§ Given information:
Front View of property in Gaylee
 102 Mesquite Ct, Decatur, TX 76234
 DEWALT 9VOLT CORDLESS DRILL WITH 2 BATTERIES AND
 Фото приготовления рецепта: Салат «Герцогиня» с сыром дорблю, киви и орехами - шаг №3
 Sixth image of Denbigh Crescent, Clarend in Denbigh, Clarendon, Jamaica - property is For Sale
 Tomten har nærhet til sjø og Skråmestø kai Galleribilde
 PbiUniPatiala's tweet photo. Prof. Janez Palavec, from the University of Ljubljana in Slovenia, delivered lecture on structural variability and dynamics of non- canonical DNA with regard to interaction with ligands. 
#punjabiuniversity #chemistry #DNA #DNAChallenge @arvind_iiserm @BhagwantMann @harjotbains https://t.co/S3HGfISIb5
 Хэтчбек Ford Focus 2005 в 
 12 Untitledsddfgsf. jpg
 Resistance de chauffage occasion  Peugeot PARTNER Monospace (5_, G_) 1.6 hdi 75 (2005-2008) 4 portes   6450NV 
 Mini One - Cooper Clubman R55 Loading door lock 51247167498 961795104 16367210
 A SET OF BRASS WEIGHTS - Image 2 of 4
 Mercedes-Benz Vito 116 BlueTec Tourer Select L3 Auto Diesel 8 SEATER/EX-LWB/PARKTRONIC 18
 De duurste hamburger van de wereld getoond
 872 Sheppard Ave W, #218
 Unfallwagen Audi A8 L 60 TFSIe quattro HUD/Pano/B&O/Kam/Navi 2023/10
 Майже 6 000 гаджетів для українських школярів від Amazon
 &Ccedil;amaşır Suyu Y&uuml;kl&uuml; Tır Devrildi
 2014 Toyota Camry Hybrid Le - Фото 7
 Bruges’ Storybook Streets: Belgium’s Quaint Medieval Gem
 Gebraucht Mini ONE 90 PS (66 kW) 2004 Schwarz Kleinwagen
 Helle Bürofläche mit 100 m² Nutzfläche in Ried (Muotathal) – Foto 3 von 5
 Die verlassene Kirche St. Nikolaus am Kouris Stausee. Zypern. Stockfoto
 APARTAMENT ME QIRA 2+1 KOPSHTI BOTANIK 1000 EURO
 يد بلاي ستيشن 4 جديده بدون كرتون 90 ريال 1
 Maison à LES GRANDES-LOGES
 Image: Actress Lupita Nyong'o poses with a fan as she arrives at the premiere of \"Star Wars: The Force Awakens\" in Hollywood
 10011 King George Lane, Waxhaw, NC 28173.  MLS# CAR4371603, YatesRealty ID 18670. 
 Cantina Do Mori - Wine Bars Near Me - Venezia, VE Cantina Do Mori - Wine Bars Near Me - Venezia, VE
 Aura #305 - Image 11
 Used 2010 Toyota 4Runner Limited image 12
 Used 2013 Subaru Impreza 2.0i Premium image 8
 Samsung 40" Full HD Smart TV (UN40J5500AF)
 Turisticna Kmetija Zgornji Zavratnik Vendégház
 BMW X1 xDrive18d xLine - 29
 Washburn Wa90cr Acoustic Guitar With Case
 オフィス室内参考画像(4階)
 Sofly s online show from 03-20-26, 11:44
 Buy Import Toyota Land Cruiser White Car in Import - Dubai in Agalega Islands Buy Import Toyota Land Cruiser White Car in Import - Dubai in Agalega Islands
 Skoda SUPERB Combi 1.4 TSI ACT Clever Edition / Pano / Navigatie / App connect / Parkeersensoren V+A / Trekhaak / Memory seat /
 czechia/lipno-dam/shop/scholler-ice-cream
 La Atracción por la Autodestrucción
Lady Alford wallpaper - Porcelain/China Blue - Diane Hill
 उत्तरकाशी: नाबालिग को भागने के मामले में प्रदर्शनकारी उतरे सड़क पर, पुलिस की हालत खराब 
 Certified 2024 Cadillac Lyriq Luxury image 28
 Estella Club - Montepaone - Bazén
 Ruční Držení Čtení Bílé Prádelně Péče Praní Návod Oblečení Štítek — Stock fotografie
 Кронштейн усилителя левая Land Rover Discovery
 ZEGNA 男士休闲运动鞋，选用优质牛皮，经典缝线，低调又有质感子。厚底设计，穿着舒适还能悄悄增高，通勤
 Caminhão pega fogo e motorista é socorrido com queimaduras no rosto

§ Task to complete: Retype the listing above, word for word, from its first line to the line containing "Tomten har nærhet", both ends included.

§ Result:
Front View of property in Gaylee
 102 Mesquite Ct, Decatur, TX 76234
 DEWALT 9VOLT CORDLESS DRILL WITH 2 BATTERIES AND
 Фото приготовления рецепта: Салат «Герцогиня» с сыром дорблю, киви и орехами - шаг №3
 Sixth image of Denbigh Crescent, Clarend in Denbigh, Clarendon, Jamaica - property is For Sale
 Tomten har nærhet til sjø og Skråmestø kai Galleribilde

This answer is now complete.